[Short descriptive text snippets]
=======

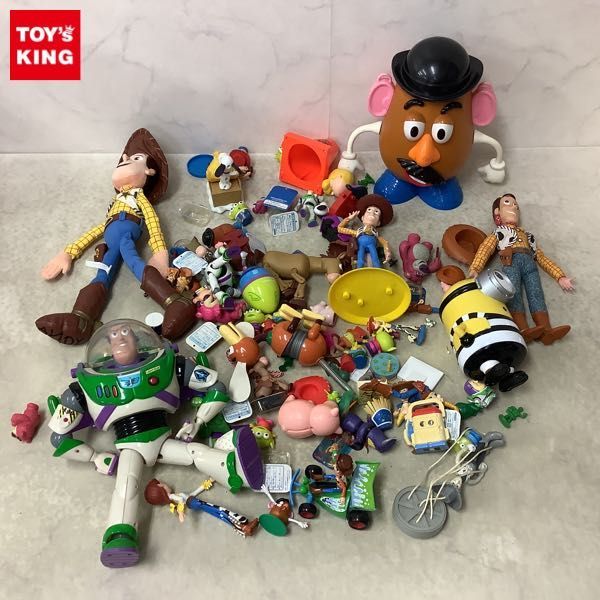 1円〜 訳あり ジャンク トイ・ストーリー フィギュア等 ウッディ Mr.ポテトヘッド バズ・ライトイヤー 他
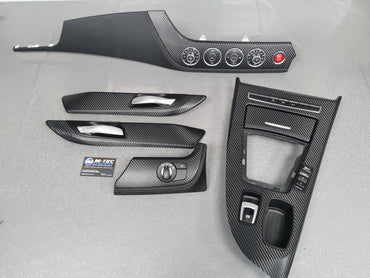 BMW Z4 E89 3D BLACK CARBON INTERIOR TRIM SET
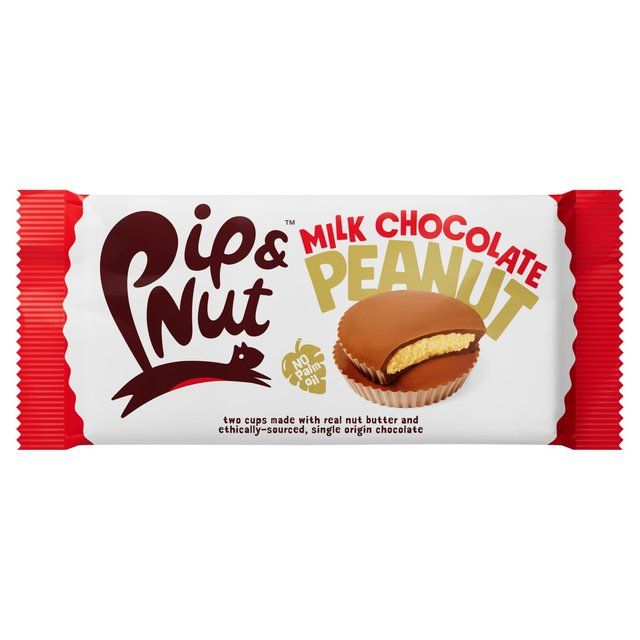 Pip &amp;amp; Nut Milk Chocolate Peanut Butter Cups   34g
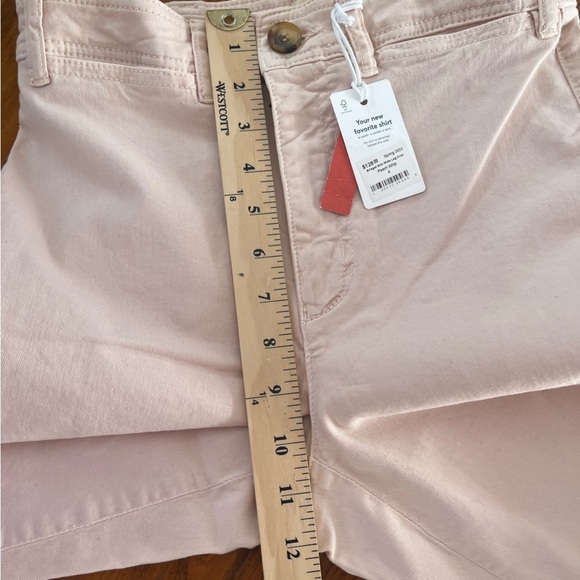 Marine Layer NEW Bridget Slim Wide Leg Crop Peach Whip Cropped size 4 - Picture 14 of 16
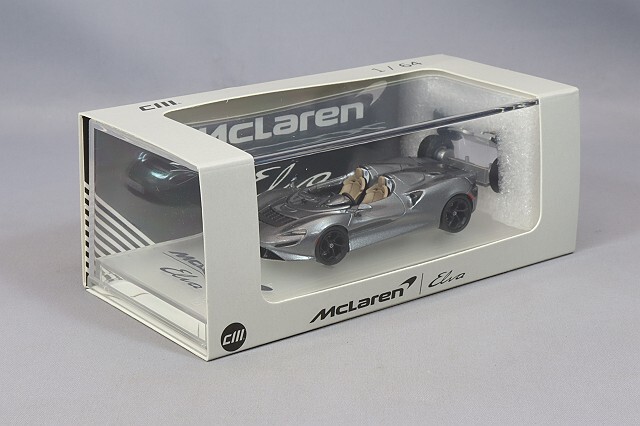 CMモデル 1/64 マクラーレン エルバ メタルグレー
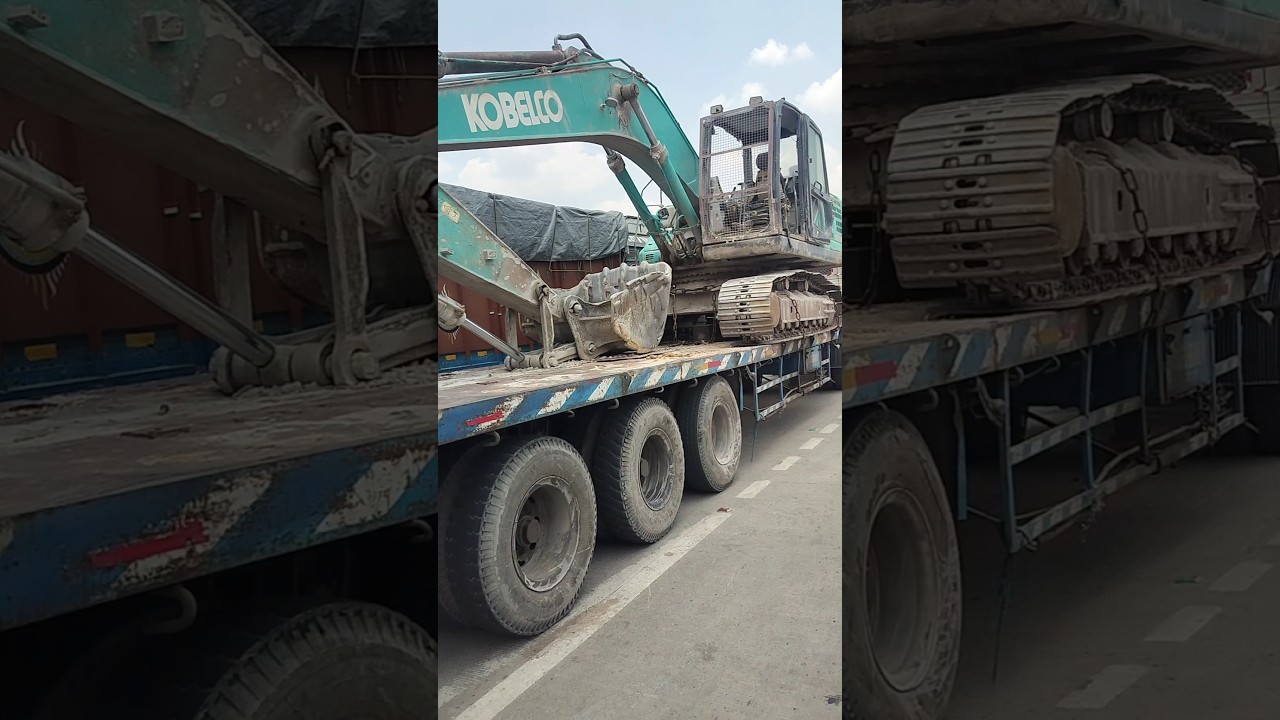 kobelco excavator loading truck | excavator video 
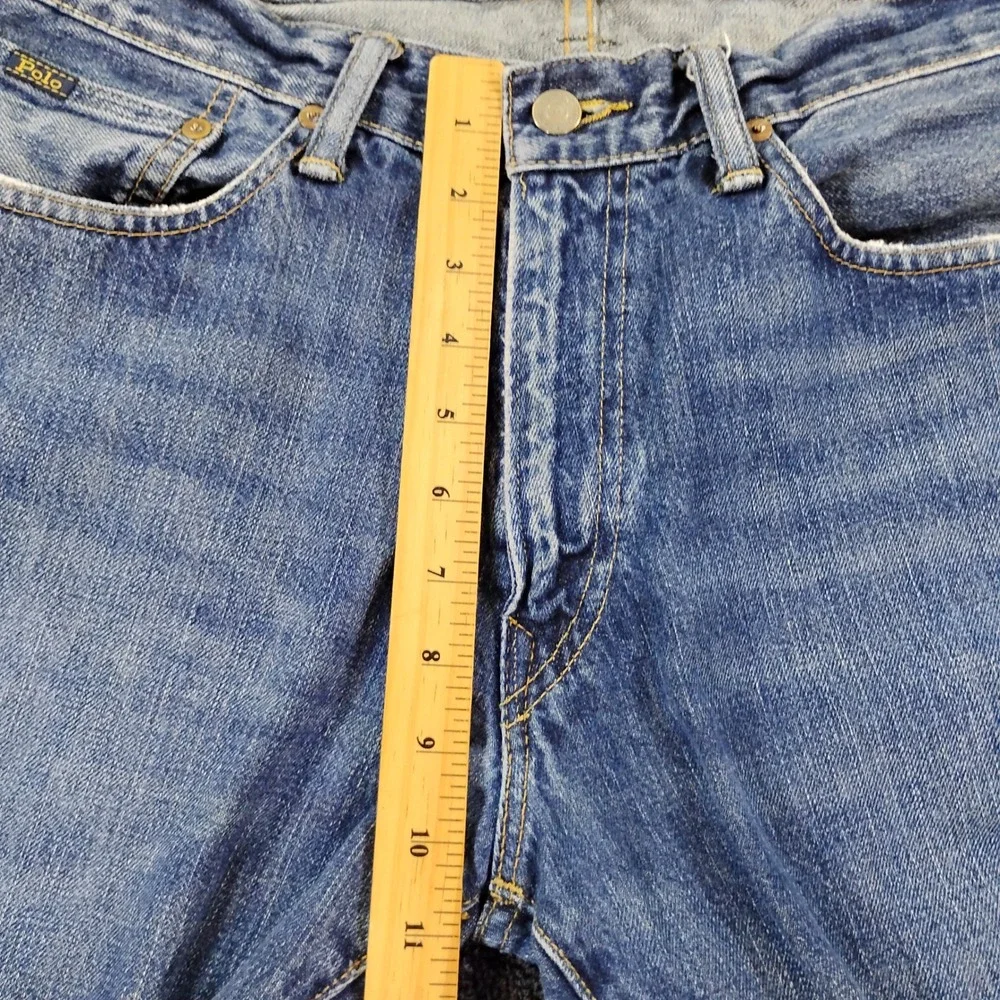 Polo Ralph Lauren Jeans Mens 33x32 Hampton Relaxed Straight Blue Denim Classic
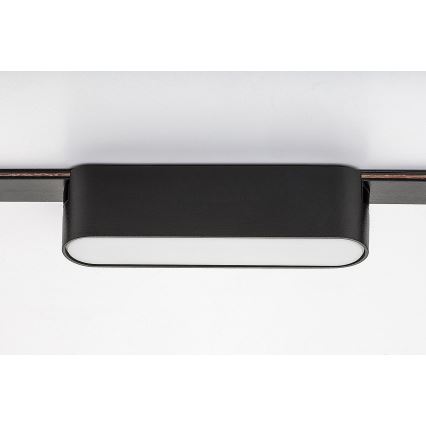 Rabalux - LED Stropní svítidlo do 1-fázového lištového systému LED/6W/230V 3000K 11,5 cm černá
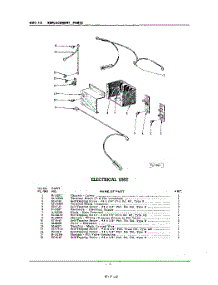 17 - Electrical parts for Kitchenaid Dishwasher KDC16 / from AppliancePartsPros.com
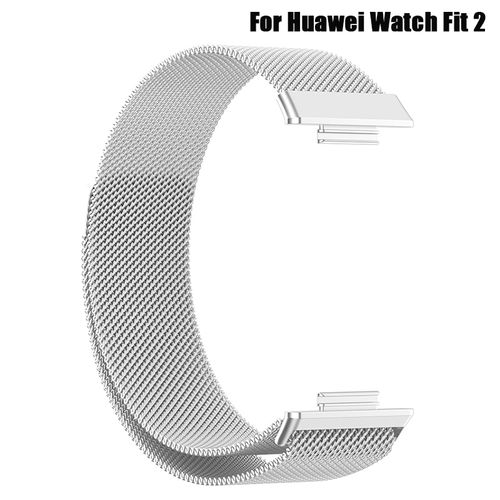 Bande de Remplacement Bracelet Silver en acier inoxydable pour Huawei Watch Fit 2
 Fiche Technique et Prix au Maroc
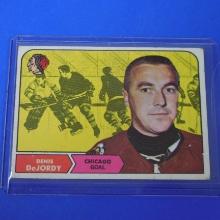 1968-69 TOPPS #12 DENIS DEJORDY BLACKHAWKS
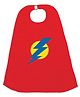 Right Gifting Digital Printed Satin Cape For Kids - Red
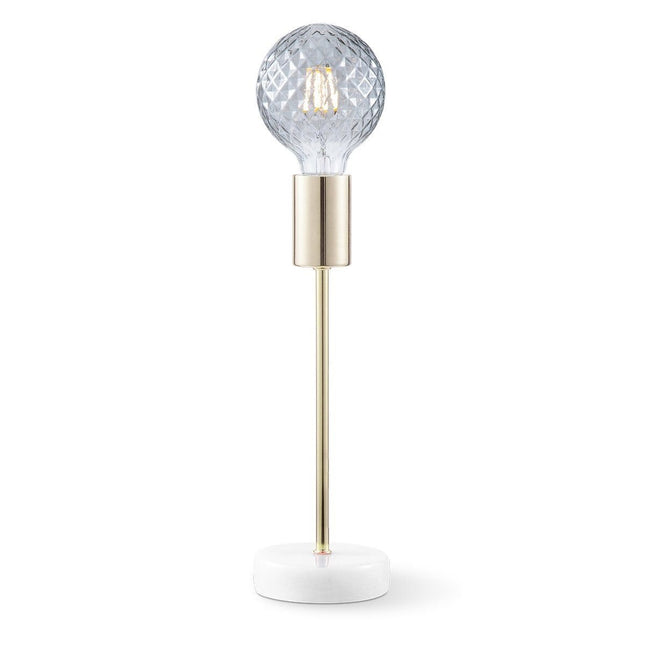 Home Sweet Home tafellamp Cava - Brons - 10/10/38cm bedlampje - Marmer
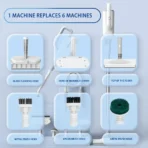 Heated Spray Steam Cleaner Mop Multiple Functions,Hand Steamer Floor Carpet Window Washer Cleaning Machines Electric steam mop - Image 4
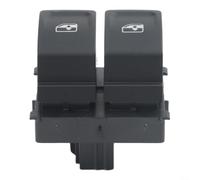 Para Skoda Electric Main Power Window Switch 6V0959858A para modelos 2014-2021, construcción de plástico negro para una fácil instalación y funcionamiento fiable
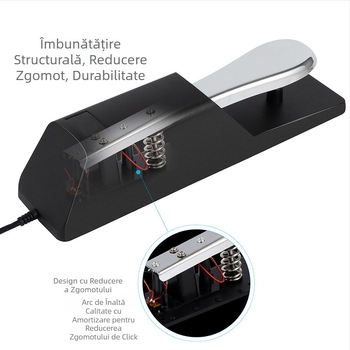 Pedal universal de sustain pentru claviaturi Yamaha, Roland, Casio și instrumente MIDI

=======

What to produce: Excluding the pictures, restate word for word the lines from the one that holds "17 - Electrical" through the last line of the entries, both ends included.

Task response:
 17 - Electrical parts for Kitchenaid Dishwasher KDC16 / from AppliancePartsPros.com
 Bande de Remplacement Bracelet Silver en acier inoxydable pour Huawei Watch Fit 2
 Fiche Technique et Prix au Maroc
 1968-69 TOPPS #12 DENIS DEJORDY BLACKHAWKS
 Right Gifting Digital Printed Satin Cape For Kids - Red
 Home Sweet Home tafellamp Cava - Brons - 10/10/38cm bedlampje - Marmer
 Heated Spray Steam Cleaner Mop Multiple Functions,Hand Steamer Floor Carpet Window Washer Cleaning Machines Electric steam mop - Image 4
 Para Skoda Electric Main Power Window Switch 6V0959858A para modelos 2014-2021, construcción de plástico negro para una fácil instalación y funcionamiento fiable
 Pedal universal de sustain pentru claviaturi Yamaha, Roland, Casio și instrumente MIDI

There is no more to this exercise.